People intentionally leave home because they are tired of their family and eager to experience something new outside; in a word, the sickness of home expels people out of their families.

Only after years of traveling would the concept of family remind people of the inborn

connection with home, as well as the invisible connection between individuals and family; so there comes the homesickness. The family members of David experience the process of being sick of home and being homesick before their union with David. Cynthia is sick of her sisters who always make fun of her and her reading, while Camilla and Valentine are tired of their parents, father and step- mother, who never listen to their explanations. After

determining to leave their home, these young adults can only visit other relatives in the hope of having a new home there in homesickness. The attempt to go “away from a bad home and towards the hope of a good one ” is realized, at least for the characters, through the comic marriage (Pettit 176).

The story-telling process promotes characters in clarifying their sickness and

homesickness of family; after the friendly sharing and listening, characters exchange their depressed pasts and happily receive amicable comfort. Readers may find a coincidence in all the spoken stories, or personal experience, with sadness and miseries placed as the main plot to illustrate the ambiguous “homesickness” among characters.

Sarah Fielding declares her intention to write a “Moral Romance” on the front page of her novel, telling her readers that the novel consists of various moral lessons and it is no doubt an educational reading. The novel is plotted in everyday London and focused on the everyday experience shared among people of eighteenth-century England in order to

encourage readers to recognize the novel as relevant to their surroundings. The tragic sadness is inevitable in moral lessons, because it is uneasy to teach an ethical lesson without contrasting the bad from the good. The novel would not be moral and educational if each of the characters were to be kind and lovely, and allowed to enjoy their happiness forever. As a result, all the pathetic stories told by characters make sense in fitting into the frame of Moral Romance. Abundant educational messages are there in the previous volumes, but not so much in the last one. Volume the Last is more like a contrasting situation to the ideal utopia in which readers are all of a sudden dragged. In the real world, there is no one willing to listen to others’ misfortunes as David does in early volumes, and no one pays attention to the frustrated experiences of the David family. Besides, none of the people around them pity the family, let alone help them. As long as these benevolent people have gathered together, they can only practice their kindness among each other. The sudden end with David dying of a serious illness shows the mocking of innocent benevolence, and

indicates death as the only way out.

In the educational story of Miss Nanny Johnson, readers are admonished to love sincerely. Once David’s fiancée, Miss Nanny Johnson follows the advice of her father to abandon David, and marries a rich elder man (33). As a novel emphasizing moral teaching, the vainglorious young woman is doomed for misfortune; she dies in sadness three days after her husband’s. Because of her father and her vanity, the woman makes a wrong decision on her marriage in wondering between true love and illusory fortune. There is a two- fold moral lesson in the story. First, it tells daughters not to marry because of the advice of greedy fathers; second, it asks people not to marry for money and vanity. If you do, only miserable death awaits you. In the following story, Fielding shows David meeting Camilla, and makes two virtuous people marry, as a clear contrast to the case of Miss Nanny Johnson. Virtue and family, the two significant factors in females, declare their moral lesson in the story.
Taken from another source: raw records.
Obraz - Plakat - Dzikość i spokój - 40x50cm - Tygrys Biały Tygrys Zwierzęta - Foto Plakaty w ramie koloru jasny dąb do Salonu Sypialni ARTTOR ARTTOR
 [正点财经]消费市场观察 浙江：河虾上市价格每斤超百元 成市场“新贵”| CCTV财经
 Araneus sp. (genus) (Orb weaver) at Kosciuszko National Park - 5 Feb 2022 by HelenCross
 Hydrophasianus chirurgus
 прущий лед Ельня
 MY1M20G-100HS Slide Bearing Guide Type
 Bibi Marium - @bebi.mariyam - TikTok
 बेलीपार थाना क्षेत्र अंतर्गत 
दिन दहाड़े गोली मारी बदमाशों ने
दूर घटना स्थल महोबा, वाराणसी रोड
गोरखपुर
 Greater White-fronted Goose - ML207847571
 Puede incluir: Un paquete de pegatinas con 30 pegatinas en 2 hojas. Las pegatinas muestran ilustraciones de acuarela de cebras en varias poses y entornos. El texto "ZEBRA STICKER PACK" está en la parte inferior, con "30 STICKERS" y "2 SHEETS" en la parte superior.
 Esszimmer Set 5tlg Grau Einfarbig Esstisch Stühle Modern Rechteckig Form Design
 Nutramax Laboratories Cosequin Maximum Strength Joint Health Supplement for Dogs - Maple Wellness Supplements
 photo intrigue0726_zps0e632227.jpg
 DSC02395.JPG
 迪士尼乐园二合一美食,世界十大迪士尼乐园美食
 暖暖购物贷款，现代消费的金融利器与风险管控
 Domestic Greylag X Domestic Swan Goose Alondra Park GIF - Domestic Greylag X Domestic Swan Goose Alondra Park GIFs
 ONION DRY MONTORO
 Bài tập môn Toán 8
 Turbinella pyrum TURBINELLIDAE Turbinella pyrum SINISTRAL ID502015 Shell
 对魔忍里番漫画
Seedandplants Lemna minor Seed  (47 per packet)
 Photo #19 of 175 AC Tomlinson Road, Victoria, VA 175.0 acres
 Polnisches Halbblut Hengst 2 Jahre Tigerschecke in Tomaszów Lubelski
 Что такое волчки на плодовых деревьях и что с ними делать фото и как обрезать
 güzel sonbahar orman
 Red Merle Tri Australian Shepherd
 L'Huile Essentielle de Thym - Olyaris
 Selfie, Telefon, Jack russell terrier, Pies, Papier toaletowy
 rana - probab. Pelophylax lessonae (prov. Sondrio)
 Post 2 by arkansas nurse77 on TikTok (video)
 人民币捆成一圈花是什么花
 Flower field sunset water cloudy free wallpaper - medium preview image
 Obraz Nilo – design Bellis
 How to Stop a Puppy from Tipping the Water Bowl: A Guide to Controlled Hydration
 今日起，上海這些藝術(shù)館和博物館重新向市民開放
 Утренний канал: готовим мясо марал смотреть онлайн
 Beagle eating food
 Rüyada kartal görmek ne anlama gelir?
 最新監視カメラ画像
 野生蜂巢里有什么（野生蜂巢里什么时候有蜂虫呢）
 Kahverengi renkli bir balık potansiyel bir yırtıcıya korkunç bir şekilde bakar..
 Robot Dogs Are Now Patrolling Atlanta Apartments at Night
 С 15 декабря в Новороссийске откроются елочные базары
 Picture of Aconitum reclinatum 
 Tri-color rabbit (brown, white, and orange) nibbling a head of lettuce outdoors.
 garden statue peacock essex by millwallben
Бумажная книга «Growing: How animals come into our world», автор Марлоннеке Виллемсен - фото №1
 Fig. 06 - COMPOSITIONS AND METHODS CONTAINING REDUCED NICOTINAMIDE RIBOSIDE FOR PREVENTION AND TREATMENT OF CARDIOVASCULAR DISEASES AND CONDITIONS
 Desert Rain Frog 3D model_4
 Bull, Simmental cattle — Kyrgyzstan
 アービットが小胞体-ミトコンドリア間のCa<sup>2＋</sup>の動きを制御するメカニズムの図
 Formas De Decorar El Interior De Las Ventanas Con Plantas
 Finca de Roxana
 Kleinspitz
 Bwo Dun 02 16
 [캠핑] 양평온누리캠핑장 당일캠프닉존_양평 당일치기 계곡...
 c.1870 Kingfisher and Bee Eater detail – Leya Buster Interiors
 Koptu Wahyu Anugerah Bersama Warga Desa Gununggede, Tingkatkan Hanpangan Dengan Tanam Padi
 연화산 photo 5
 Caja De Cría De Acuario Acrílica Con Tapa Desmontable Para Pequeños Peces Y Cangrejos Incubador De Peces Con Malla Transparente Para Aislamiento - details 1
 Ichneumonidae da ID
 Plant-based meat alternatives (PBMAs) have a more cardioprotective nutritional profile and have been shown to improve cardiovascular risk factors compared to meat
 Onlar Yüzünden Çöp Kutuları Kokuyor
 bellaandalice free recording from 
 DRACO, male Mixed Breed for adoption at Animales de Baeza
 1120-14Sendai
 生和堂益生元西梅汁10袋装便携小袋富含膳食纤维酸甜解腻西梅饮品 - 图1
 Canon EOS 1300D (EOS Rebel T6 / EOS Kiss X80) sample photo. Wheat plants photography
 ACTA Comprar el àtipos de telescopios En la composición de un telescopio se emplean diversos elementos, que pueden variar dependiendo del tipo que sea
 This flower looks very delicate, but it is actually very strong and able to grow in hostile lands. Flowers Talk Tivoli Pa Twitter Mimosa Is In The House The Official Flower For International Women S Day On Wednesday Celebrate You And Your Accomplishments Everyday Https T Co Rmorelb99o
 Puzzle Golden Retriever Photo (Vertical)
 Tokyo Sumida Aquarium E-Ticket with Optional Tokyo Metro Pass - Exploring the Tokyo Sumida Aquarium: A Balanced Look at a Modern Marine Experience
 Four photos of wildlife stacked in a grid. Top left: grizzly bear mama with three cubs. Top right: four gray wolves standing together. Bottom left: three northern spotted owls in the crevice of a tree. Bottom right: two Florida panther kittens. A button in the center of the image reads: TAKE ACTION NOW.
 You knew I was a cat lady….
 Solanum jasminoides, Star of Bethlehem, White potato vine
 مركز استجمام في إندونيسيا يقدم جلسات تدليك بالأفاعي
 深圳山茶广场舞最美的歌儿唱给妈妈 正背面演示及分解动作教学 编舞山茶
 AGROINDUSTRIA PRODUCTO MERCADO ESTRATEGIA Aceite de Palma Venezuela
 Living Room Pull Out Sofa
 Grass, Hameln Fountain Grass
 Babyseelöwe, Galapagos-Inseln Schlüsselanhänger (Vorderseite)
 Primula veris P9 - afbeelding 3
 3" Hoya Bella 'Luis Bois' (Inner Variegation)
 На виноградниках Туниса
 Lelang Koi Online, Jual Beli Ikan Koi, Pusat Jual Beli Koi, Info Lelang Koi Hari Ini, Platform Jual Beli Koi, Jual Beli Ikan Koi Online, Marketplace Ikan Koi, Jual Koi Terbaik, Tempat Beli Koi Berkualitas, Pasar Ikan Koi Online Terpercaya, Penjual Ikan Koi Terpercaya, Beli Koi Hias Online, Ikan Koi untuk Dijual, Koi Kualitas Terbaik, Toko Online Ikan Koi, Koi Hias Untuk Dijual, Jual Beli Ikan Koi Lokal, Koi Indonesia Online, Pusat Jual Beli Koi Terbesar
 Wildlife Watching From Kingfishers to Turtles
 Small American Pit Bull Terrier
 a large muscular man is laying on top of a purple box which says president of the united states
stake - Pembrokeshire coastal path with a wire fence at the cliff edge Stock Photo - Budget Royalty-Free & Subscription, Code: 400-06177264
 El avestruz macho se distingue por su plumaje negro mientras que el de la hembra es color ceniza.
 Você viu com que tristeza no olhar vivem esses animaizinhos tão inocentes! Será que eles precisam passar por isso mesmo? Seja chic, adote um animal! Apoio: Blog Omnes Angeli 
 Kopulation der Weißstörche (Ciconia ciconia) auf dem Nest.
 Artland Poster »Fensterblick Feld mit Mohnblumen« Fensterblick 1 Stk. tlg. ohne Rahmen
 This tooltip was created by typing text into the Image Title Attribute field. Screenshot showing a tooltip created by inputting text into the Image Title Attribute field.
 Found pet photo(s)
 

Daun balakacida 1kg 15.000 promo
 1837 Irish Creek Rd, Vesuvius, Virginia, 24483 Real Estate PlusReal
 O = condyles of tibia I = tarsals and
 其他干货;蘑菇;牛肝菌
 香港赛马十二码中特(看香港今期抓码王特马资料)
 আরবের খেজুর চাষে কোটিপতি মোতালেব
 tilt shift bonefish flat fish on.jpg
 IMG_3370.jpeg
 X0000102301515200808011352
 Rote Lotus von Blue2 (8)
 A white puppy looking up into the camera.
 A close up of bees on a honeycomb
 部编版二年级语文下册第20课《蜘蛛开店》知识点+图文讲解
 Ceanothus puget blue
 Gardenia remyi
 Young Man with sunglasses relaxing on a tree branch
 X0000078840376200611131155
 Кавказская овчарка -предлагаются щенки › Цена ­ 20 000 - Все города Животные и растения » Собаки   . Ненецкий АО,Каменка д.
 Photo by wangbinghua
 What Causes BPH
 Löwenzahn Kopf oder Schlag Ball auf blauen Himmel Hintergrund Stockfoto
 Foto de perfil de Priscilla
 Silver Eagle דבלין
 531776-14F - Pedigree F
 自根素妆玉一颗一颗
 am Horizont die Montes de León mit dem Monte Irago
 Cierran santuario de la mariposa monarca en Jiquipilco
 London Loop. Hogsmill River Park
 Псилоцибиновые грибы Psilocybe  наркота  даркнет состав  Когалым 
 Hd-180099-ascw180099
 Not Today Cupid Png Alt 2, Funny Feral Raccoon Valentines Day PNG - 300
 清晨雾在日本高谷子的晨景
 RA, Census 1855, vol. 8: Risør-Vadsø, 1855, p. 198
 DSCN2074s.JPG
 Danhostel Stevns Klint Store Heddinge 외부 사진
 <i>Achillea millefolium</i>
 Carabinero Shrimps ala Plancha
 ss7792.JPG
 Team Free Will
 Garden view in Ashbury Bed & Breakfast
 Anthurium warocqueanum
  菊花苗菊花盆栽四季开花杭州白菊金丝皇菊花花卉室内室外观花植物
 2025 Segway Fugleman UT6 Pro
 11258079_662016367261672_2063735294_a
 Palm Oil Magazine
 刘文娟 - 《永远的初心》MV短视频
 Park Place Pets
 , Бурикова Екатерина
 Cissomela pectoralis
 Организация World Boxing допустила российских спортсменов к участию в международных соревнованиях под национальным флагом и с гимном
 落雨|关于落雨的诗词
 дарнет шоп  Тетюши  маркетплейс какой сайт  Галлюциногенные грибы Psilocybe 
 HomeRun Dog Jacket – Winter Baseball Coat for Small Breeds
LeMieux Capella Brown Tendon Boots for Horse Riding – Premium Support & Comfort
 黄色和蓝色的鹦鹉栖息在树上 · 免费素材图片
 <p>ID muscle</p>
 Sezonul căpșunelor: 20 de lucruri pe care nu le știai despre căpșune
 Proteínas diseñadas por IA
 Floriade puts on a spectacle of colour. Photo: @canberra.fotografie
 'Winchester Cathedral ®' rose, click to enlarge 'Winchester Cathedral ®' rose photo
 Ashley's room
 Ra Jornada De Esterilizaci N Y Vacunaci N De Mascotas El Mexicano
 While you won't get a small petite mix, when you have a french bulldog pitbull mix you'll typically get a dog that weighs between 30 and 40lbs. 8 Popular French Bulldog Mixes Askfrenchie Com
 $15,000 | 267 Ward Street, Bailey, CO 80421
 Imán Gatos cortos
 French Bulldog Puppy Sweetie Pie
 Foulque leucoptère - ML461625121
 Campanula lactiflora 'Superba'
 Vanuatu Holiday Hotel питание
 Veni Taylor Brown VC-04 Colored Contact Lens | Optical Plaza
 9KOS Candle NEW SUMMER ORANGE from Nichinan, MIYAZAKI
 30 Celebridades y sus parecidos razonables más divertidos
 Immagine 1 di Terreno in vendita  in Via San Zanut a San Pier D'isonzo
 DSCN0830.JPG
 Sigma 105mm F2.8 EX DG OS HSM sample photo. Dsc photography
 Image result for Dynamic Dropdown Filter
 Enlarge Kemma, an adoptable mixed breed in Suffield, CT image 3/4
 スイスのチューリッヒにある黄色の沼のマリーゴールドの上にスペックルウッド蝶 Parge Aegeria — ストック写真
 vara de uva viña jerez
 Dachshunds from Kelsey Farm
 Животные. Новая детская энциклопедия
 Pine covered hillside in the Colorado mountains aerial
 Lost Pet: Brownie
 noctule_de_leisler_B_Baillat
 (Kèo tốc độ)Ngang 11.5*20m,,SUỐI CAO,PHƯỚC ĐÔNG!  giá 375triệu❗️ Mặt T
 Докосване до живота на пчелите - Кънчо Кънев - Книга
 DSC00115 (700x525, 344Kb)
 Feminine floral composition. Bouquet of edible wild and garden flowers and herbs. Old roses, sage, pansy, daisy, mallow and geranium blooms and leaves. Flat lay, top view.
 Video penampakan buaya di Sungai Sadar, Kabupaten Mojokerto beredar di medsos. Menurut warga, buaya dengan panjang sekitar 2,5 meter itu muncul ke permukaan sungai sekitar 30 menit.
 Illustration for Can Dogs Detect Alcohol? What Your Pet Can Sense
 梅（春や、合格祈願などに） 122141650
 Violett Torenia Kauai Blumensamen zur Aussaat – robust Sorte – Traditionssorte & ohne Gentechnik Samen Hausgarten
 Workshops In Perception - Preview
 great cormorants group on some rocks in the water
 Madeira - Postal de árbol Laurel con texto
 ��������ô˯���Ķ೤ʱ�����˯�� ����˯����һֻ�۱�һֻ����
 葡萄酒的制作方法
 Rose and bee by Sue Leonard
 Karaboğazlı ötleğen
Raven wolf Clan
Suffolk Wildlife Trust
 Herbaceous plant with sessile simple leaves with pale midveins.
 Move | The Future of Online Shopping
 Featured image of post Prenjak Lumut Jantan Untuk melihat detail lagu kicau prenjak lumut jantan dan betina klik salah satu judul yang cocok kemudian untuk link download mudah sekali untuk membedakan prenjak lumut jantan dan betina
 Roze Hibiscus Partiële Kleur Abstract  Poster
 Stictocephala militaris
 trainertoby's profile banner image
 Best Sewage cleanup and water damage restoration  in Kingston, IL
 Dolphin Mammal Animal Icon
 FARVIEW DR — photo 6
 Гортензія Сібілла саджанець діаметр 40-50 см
Another sorrowful story about woman in David Simple is that of Isabelle, and she is the only teller of a long story not joining the family. She cannot marry her lover, Dumont, merely because the jealous sister- in- law is secretly in love with him, too (200). Even her only brother, Stainville, is unable to help her but mistakenly kills Dumont out of jealousy after hearing the scandal. This story about family and love may not happen to all the readers, yet it is realistic to some extent. In order to help maintain the family of her brother, Isabelle forsakes her only lover. Jealousy and blindness of other people ruin her happiness; the most tragic plot lies in that even though she is always virtuous and benevolent, she is the only survivor to suffer all the misfortunes brought upon her by the people she is devoted to. She gives up Dumont to maintain the happiness between her brother and sister- in- law, but they died one after another and leave her overwhelming loneliness and grief. At the end, she has been deprived of both her brother and her lover and travels around in solitude.

The two examples are only part of the moral lessons exemplified by Sarah Fielding.

All the illustrated stories are closely related to family and moral, the interior story of David

and his friendly family included, in order to give an excellent lesson on rightness. In conclusion, money and jealousy are always important in unhappy families. Only a family that consists of only good members, like that of David, is free from the immoral accusation.

These stories about families make the building of an ideal family reasonable and trustworthy.

After all, no one would like to lead a calamitous life as those of Isabelle or Miss Nanny Johnson. Though a well-developed family is established, the ideal community breaks up at end of novel. Fielding finishes her novel with an ambiguous ending to conclude her utopia.

Readers are no longer certain about the possibility of a utopian community after David finishes gathering both friends and relatives.